Le nouveau Code de procédure civile ne verra pas encore le jour. Par un arrêt rendu le 4 août, la Cour constitutionnelle a renvoyé la loi 02-23 dans le circuit législatif, estimant que plusieurs de ses dispositions contreviennent aux principes de la Constitution. Ce revers législatif oblige les deux chambres du Parlement à reprendre l’examen du texte, adopté en juillet dernier après de longs mois de débats.
Le Code de procédure civile fixe les règles encadrant les démarches judiciaires devant les tribunaux civils. Il ne détermine pas les droits des parties mais précise les modalités permettant de les faire valoir : introduction d’une plainte, délais à respecter, recours possibles, ou encore organisation des acteurs du procès. Son champ d’application concerne l’ensemble des litiges civils opposant des particuliers ou des institutions.
Après un parcours de près de deux ans, entamé en août 2023, le texte avait finalement obtenu l’approbation des deux chambres du Parlement. Sa mouture finale était le fruit de compromis difficiles, notamment avec les représentants du barreau, qui s’étaient opposés à certaines dispositions comme la possibilité de comparaître sans avocat ou la limitation du droit d’appel pour les litiges de faible montant.

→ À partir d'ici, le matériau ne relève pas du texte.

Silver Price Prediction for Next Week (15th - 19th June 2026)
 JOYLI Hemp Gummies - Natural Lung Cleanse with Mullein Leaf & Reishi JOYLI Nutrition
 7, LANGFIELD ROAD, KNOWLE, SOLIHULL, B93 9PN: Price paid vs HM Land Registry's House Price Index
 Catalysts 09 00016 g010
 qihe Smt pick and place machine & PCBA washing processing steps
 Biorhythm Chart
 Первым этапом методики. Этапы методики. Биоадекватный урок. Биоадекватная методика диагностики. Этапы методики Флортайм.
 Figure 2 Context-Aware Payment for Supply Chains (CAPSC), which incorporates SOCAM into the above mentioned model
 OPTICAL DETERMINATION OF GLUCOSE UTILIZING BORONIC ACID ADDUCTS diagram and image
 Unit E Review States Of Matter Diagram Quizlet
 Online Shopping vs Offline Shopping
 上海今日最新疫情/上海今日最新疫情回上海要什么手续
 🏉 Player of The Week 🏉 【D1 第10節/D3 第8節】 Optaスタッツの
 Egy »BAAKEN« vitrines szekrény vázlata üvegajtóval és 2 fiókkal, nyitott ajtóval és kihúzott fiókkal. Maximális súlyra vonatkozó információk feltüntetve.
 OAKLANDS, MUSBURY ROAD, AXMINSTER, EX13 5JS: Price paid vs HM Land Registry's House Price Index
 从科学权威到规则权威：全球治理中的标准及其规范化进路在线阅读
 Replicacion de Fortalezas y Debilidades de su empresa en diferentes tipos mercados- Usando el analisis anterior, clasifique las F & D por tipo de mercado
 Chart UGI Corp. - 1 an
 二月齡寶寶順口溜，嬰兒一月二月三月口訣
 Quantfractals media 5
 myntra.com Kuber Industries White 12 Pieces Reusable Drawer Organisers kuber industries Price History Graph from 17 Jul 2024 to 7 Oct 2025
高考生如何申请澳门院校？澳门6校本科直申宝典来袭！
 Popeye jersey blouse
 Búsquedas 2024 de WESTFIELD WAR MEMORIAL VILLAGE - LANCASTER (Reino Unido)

La décision de la Cour repose sur des arguments de fond. L’article 17, qui permettait au ministère public de faire annuler une décision judiciaire passée en force de chose jugée pendant un délai de cinq ans au nom de l’ordre public, a été jugé contraire au principe de sécurité juridique. La Cour estime qu’une telle faculté, si elle n’est pas strictement encadrée, fragilise la confiance des citoyens dans la justice.
Le droit à un procès équitable est également au cœur des remarques. L’article 84 autorisait un huissier à remettre une convocation à un proche de la personne concernée, à condition qu’il « semble » avoir au moins seize ans. L’imprécision du critère d’« apparence » a été considérée comme porteuse d’insécurité pour les justiciables.
La tenue des audiences à distance, prévue à l’article 90, a soulevé d’autres inquiétudes. La Cour a pointé l’absence de garanties précises encadrant cette modalité, notamment en matière de confidentialité, de sécurité des échanges et de consentement des parties.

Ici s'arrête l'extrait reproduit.